Donc là, si je comprends rien, c’est foot anglais ou rien ?

C’est un peu ça. Si je parviens cet été à trouver un contrat en League Two, c’est super. On verra… Je sais que j’ai mes diplômes, je peux donc me concentrer sur le foot et voir si j’arrive à percer à moyen terme. En tout cas, je n’ai pas dans l’intention de revenir en France, vadrouiller en CFA ça ne m’attire plus. L’Angleterre, c’est là que je veux tenter ma chance, pour l’ambiance des stades.

Avant les USA et l’Angleterre, c’est quoi ton parcours ?

Je suis né à Brest et j’ai été formé au Stade brestois, des benjamins jusque la réserve. Je suis ensuite parti à Amiens où j’ai suivi mon formateur. J’ai fait une saison à jouer là-bas en réserve en m’entraînant avec les pros, mais ils sont descendus de L2 en National et il y a eu un changement de coach. J’ai eu un peu le mal du pays, alors je suis rentré en Bretagne et je me suis inscrit en école de commerce, tout en prenant une licence à Plabennec. J’ai commencé avec la réserve avant d’intégrer la A pour une saison de National et deux de CFA. J’ai notamment côtoyé Christophe Kerbrat là-bas, on a fait plusieurs fois chambre commune en déplacement.

Pas de regret d’avoir loupé la marche du professionnalisme en France ?
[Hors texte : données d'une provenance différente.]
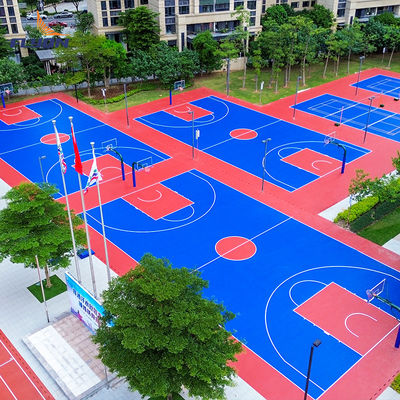 Bon prix Plancher de terrain de tennis en PU en polyuréthane plancher de sport en tuile de plancher en polyuréthane en ligne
C’est à Amiens peut-être que j’ai eu ma chance, ça se passait bien, mais l’entraîneur s’étant fait viré, son remplaçant n’avait pas trop confiance en moi. À ce moment, j’étais un peu dégoûté par le foot. J’ai voulu revenir au Stade brestois pour jouer avec la réserve, mais le club préférait donner sa chance à des plus jeunes. À Plabennec, il m’a fallu redémarrer de zéro, mais j’ai toujours gardé espoir de passer pro.